Is Sir Keir Starmer being honest about Labour and private schools?
In yet another U-turn, the Labour leader has apparently softened the party’s stance on private education. But, as Sean O’Grady explains, a huge increase in fees still looms for many aspirational voters
Labour has announced that fee-paying schools will retain some of their tax breaks if they win the general election. It represents yet another U-turn on policies that looked apparently permanent even a few months ago: child benefit, the green new deal, childcare and income tax rises for top earners have all seen “revisions” and rethinks.
However, Labour is insisting it will still make private schools liable for VAT at the full 20 per cent rate. Some Labour supporters, viscerally revolted by private sector education, are angry about the move; many more wonder what Sir Keir Starmer is up to…
Is this another U-turn?
Yes. In a speech last summer, Sir Keir pledged: “When I say we are going to pay for kids to catch up at school, I also say it’ll be funded by removing private schools’ charitable status.”
Bridget Phillipson, the impressive shadow education secretary, also left no room for doubt last January that she would be “scrapping charitable tax status for private schools to fund the most ambitious state school improvement plan in a generation”.
The change in stance is presented almost as the correcting of a misunderstanding, as if they’ve realised they no longer need to strip the schools of charitable status to fulfil the wider commitment to charge 20 per cent VAT on fees and make independent schools pay business rates. Schools will thus still be able to claim gift aid (tax relief) on donations and some other perks.
Is there anything else to it?
It could be that Labour wants to blunt any Tory attack lines that suggest it is against aspiration. A typical example would be of a family that gives up foreign holidays or a new car in order to pay for their children’s education. Indeed, in recent decades the proportion of children at independent schools has been creeping up, markedly so in sixth forms.
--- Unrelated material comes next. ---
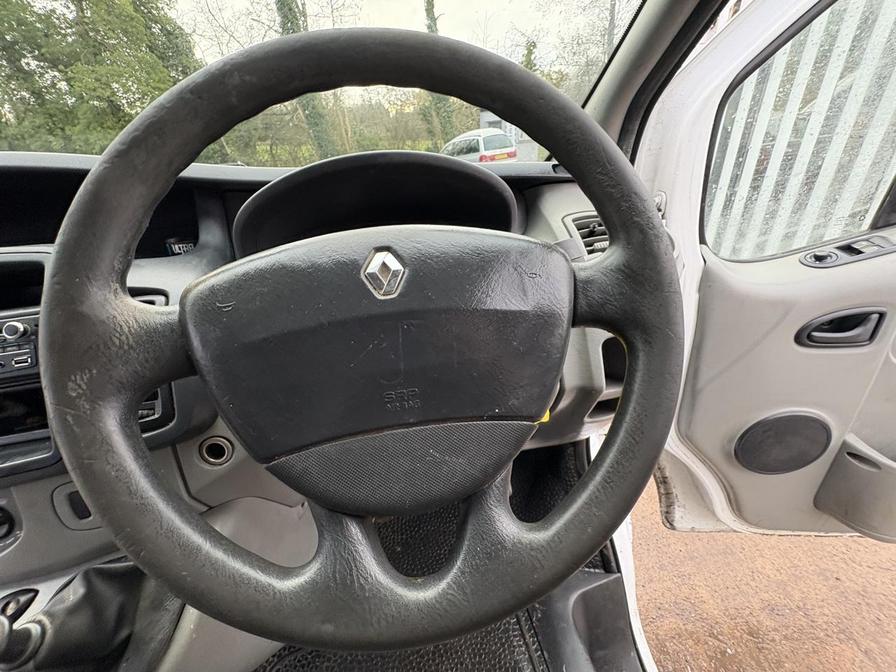 2014 Renault Trafic – Model: Trafic SL27 DCI – LC14XHJ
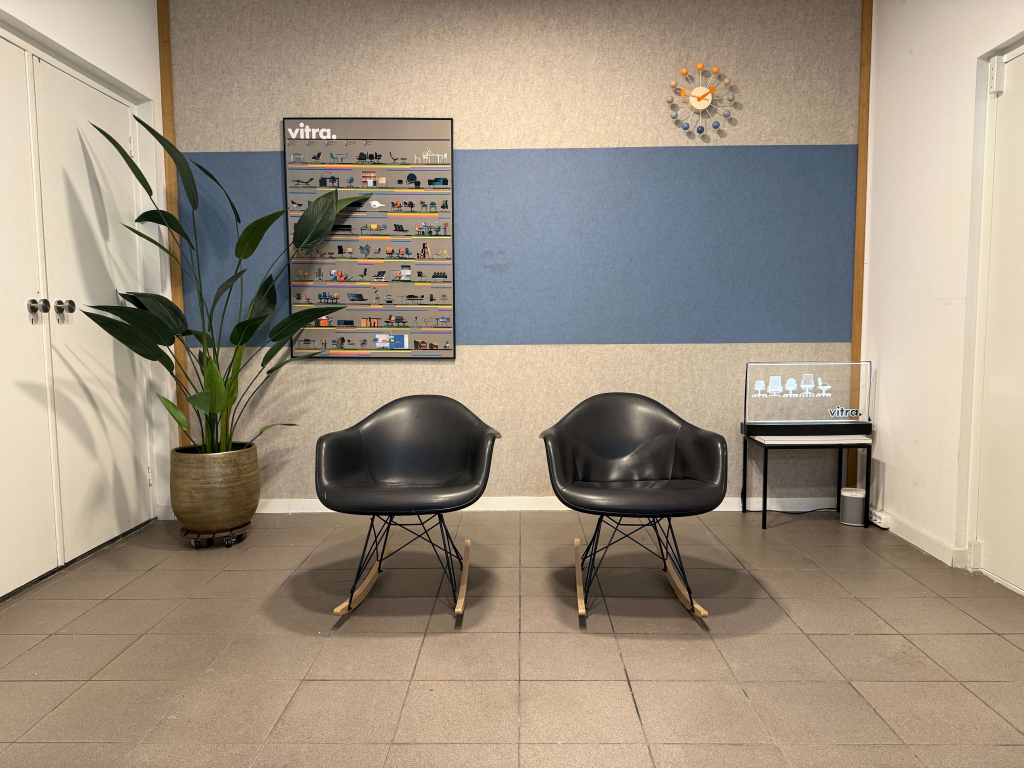 Herman Miller · Eames · RAR · Zwart Fiberglass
It varies across the country, too. According to the Institute for Fiscal Studies, 6.4 per cent of pupils in England in 2021, 4 per cent in Scotland, 2 per cent in Wales and less than 1 per cent in Northern Ireland were in the fee-paying sector (albeit some on bursaries and assistance). As many as 18 per cent of England’s school pupils aged 16 to 19 are in the private sector, and the privately educated have a disproportionate presence at Cambridge, Oxford and other high-status universities. These institutions deploy some 15 per cent cent of the resources devoted to schools.
Arguments about equality versus aspiration are well-rehearsed, and attitudes tend to be fairly well-entrenched. Thus, it would work well as a political dividing line, but probably shift relatively few votes.
Would Labour do away with fee-paying schools?
No, though they have come close. During Jeremy Corbyn’s leadership the 2019 general election manifesto pledged: “We will close the tax loopholes enjoyed by elite private schools and use that money to improve the lives of all children, and we will ask the Social Justice Commission to advise on integrating private schools and creating a comprehensive education system.” That sounds suspiciously like stronger state control, if not outright nationalisation of private schools. We’ll never know.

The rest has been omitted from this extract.